Transgender children's books in Irvine, Calif., on Aug. 30, 2022. (John Fredricks/The Epoch Times)
The California State Assembly on Sept. 6 passed a resolution to declare August as Transgender History Month starting in 2024.
House Resolution 57, introduced by Assemblymember Matt Haney (D-San Francisco) on Aug. 29, marks the first such declaration by a U.S. state.
“Trans people have existed and have always existed in every era and in every culture. As long as there’s been the written word there has been a record of trans people,” Mr. Haney said. “Let’s tell the truth about transgender people’s lives, and let’s lift up the history of the transgender Californians who left their mark on our great state.”
Honey Mahogany, chair of San Francisco Democratic County Central Committee, said the proclamation will help to “stop spreading misinformation about the trans community.”

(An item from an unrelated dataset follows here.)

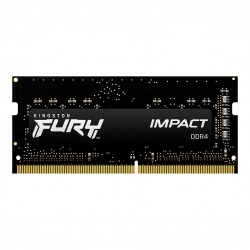 KINGSTON 8GB 3200MHz DDR4 CL20 SODIMM FURY Impact - Компютърни Компоненти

The resolution also stated that August was selected based on the historical significance of the 1966 Compton’s Cafeteria Riots, which took place in San Francisco’s Tenderloin district, when riots broke out after a transgender woman resisted arrest by throwing coffee at a police officer.
San Francisco became the first city in 2021 to recognize August as “Transgender History Month” after Mayor London Breed signed an official proclamation for such.
Shortly thereafter, Santa Clara County also adopted a similar recognition.
The resolution is not the first time California has declared support for the transgender community.
In 2018, former Gov. Jerry Brown ratified a bill designating June as LGBT Pride Month, an observance celebrated by a global community of hundreds of thousands. Numerous local governments in the state have subsequently followed suit.
Other current legislative initiatives to support transgender individuals in the state include Assembly Bill 957, which seeks to classify a parent who does not affirm or consent to a child’s assertions regarding gender identity as committing child abuse.
Last year, Gov. Gavin Newsom additionally signed a bill that made California a refuge state for transgender children and their families who may face legal repercussions in other states that criminalize youth gender-affirming care treatments.